The woman sipped at her smoothie.

“Three minutes before ten,” she said. “It was ten that night when we said we’d meet here at the door to this house.”

“You’ve been successful?” the writer asked.

“I believe we have,” she said. “I hope he says the same. He was a slow mover. Homebody. I’ve had to fight for my success. He said he was the kind of man who didn’t change much. But he changed.  In life, you learn how to fight for what you get.”

The writer took a step or two.

“I’ll go on my way,” he said. “I hope your friend comes all right. If he isn’t here at ten, are you going to leave?”

“I am not!” said the other. “I’ll wait half an hour, at least. If he is alive on Earth, he’ll be here by that time. Good night.”

“Good night,” said the writer, and walked away, wondering at the doors as he went.
The smoke now hung more thickly in the air and a scud of clouds obscured some stars. Mr. Goof, the neighborhood cat, sauntered past. Down the street, a porch light went out. And at the door of the house stood the woman who had come a thousand miles to meet a friend. Such a meeting could not be certain. But she waited.
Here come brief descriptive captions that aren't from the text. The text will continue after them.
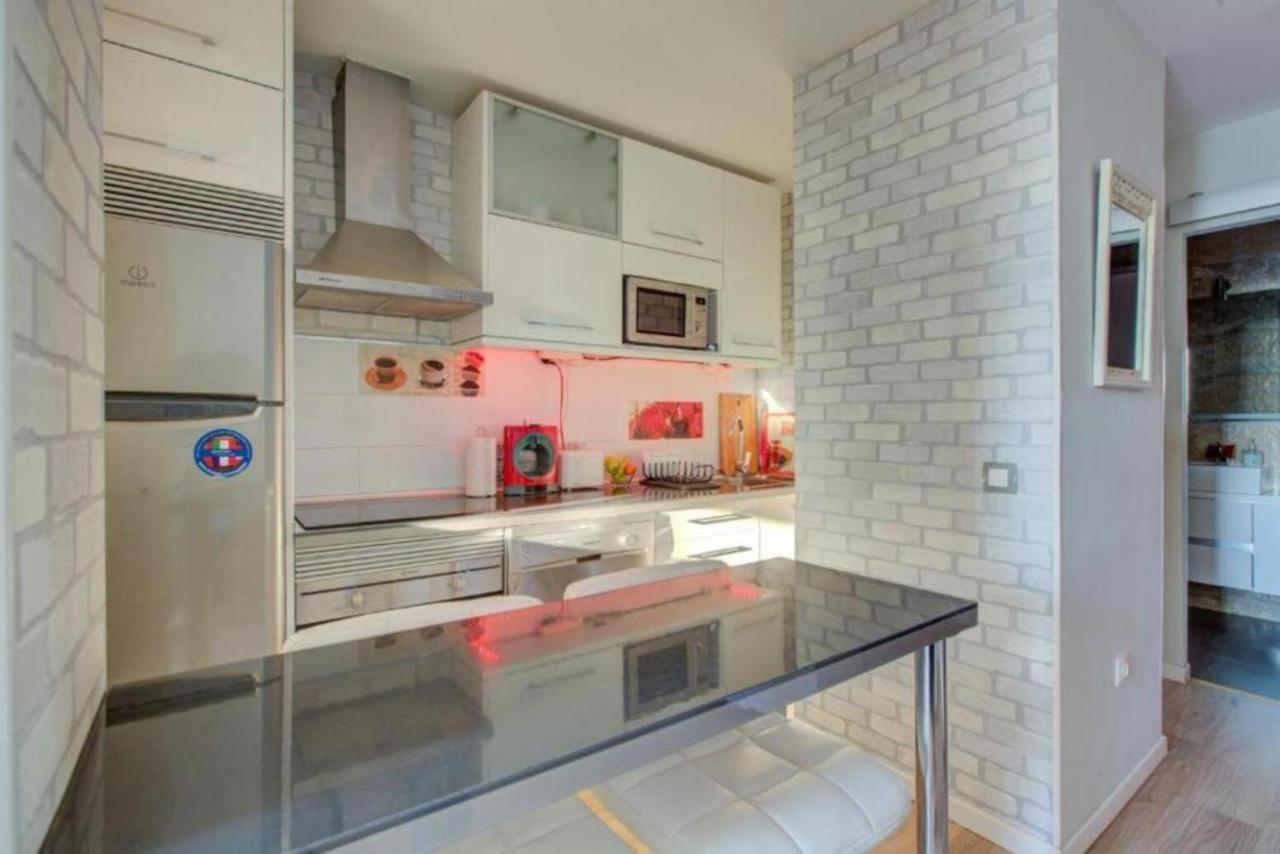 Loft En Plaza España - Gran Vía * Madrid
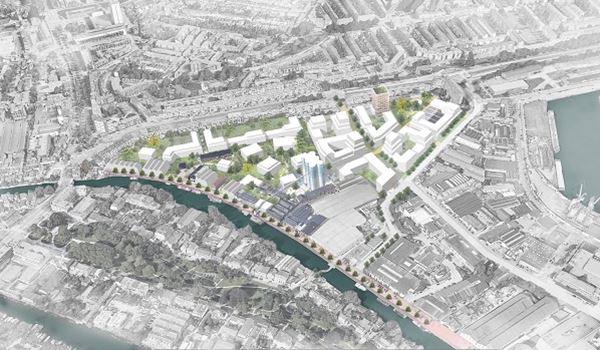 Schiedam krijgt 12 miljoen euro om woningbouw te versnellen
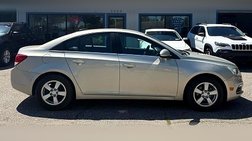 2015 Chevrolet Cruze 1LT Auto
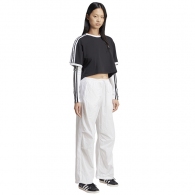 Tricou Adidas 3S LOOSE CROP T thumbnav 2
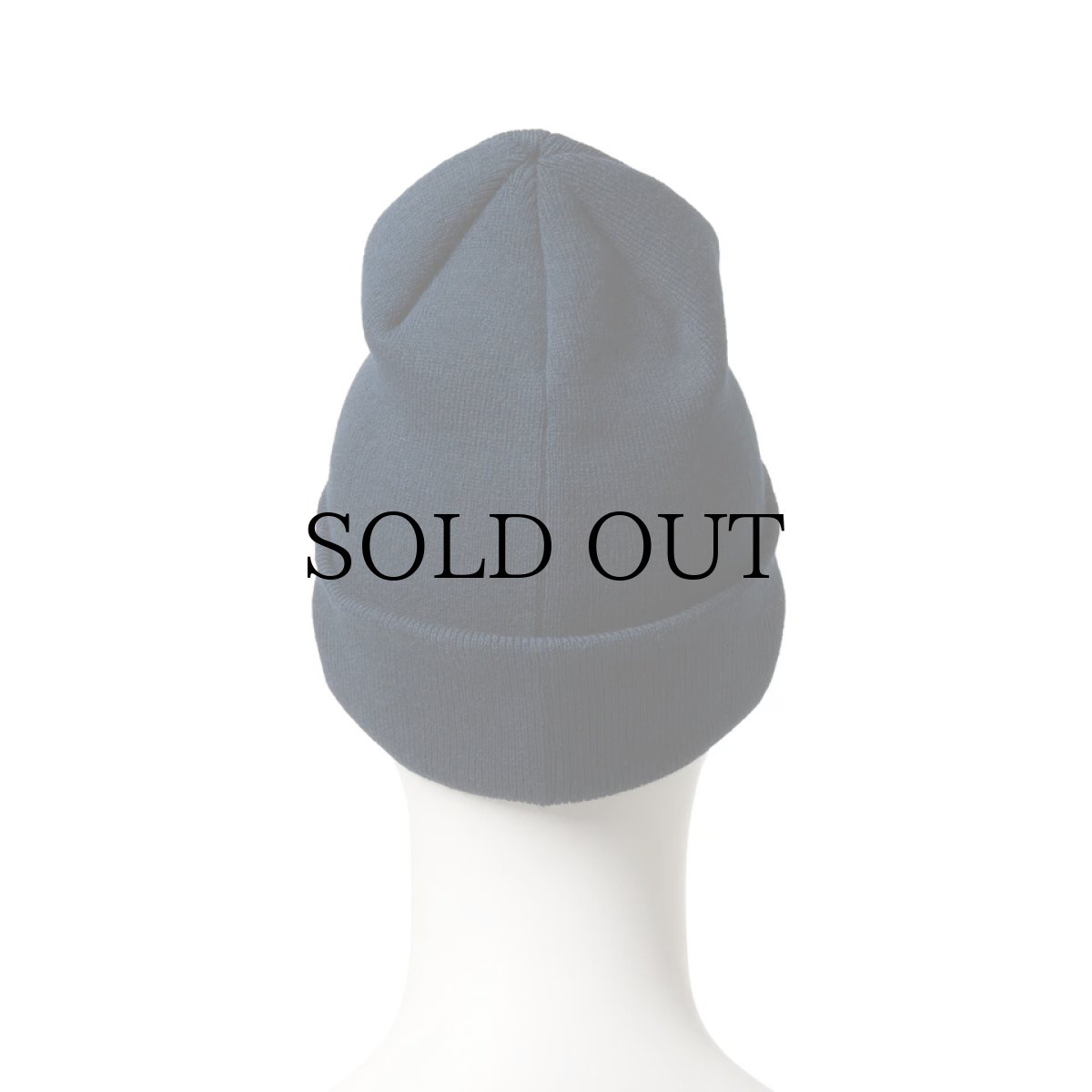 画像5: NEW ERA / ベーシック カフニット オールドロゴ (5)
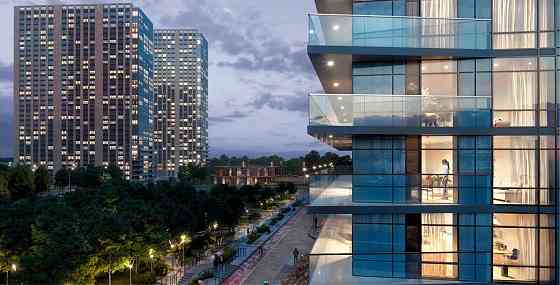 Продаю 1к квартиру ЖК МЕТРОПОЛІС 4 будинок Киев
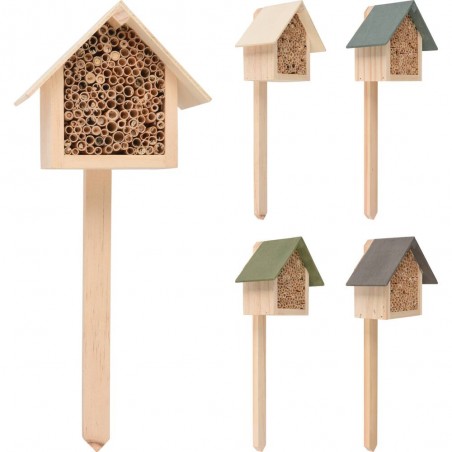 HOTEL INSECTOS PINCHO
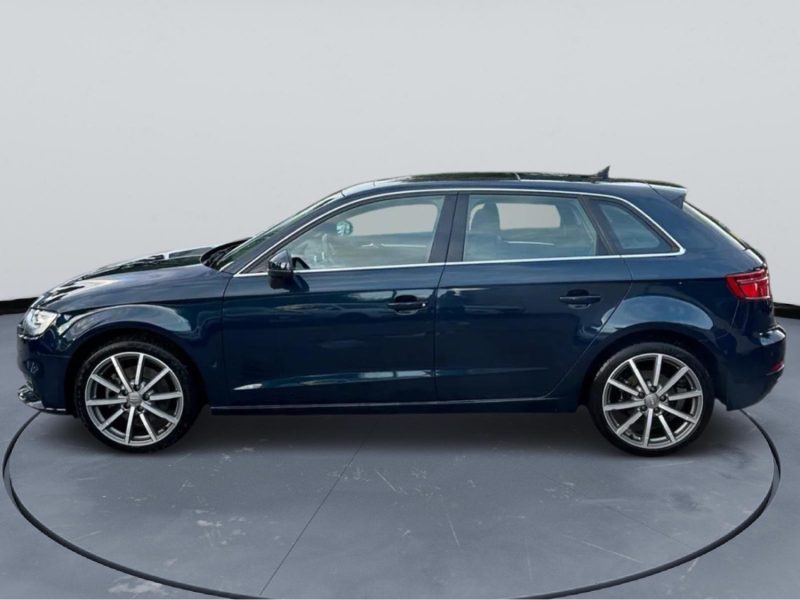 AUDI A3 35 TDI 150CH S TRONIC 7 AMBITION LUXE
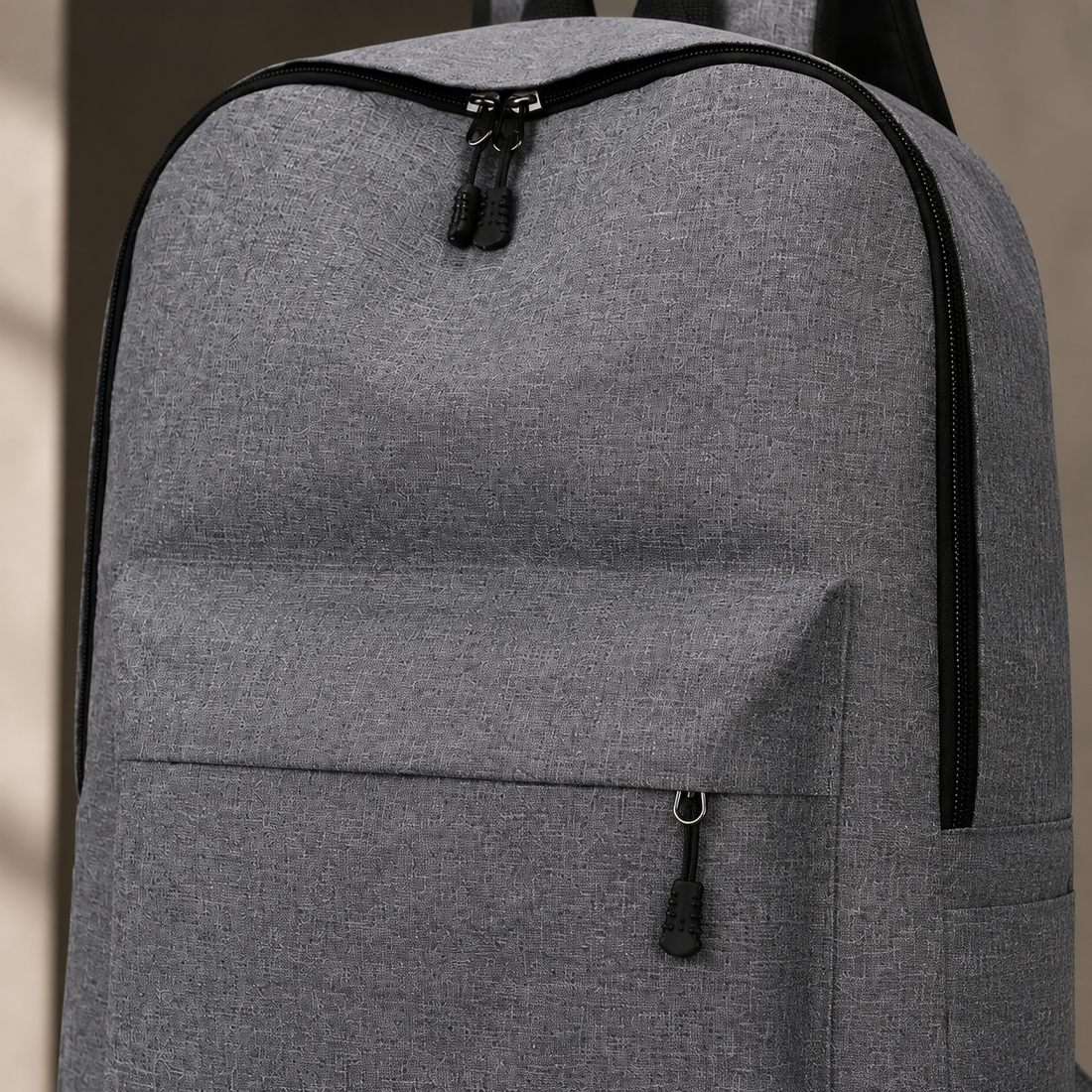 Mazzini Commuter Backpack - Lead Product Detail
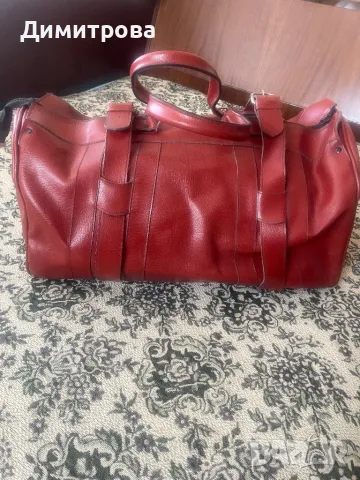 Чанта /сак/ за пътуване, снимка 4 - Сакове - 50122100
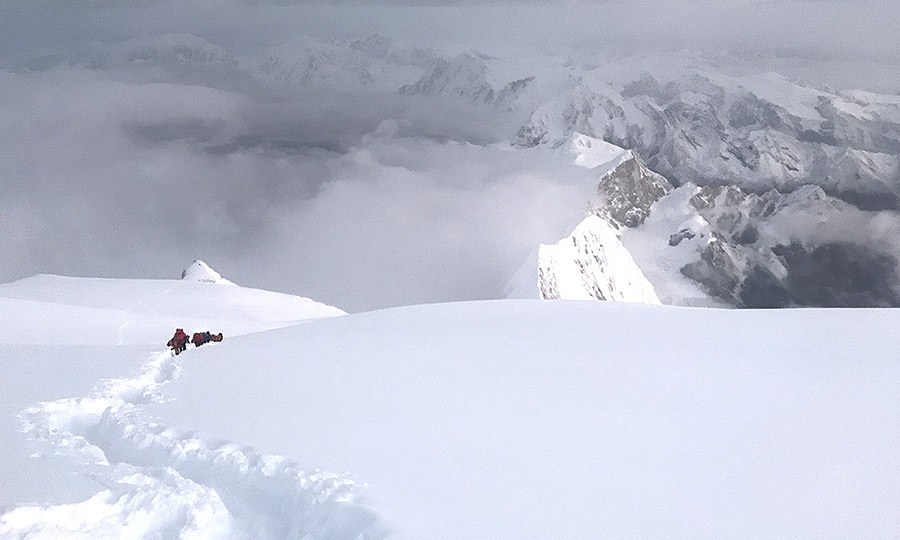 Manaslu Expedition (8163m)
About twenty minutes she waited, and then a tall man in a long coat came hurrying across the street. He went directly to the waiting woman.

“Is that you, Michelle?” he asked.

“Is that you, Brian?” cried the woman at the door.

The man took the woman’s hands in his. “It’s Michele! It surely is! I was certain I would find you here if you were still alive. Twenty years is a long time. And it’s funny we agreed to meet at this house, where we live now. Who knew back then we’d own this place? But up the street, there’s a restaurant,” he said. “We could go there. A twentieth wedding anniversary calls for china – I can at least buy you Chinese food.”

“That sounds wonderful,” Michelle said. “I’m hungry.”

“Oh really?” Brian asked with that dumb grin on his face. “Hi, Hungry. I’m Brian.”

She hit him with her empty smoothie cup.

Happy 20th Anniversary, dear. I promise to cool it with the Dad jokes.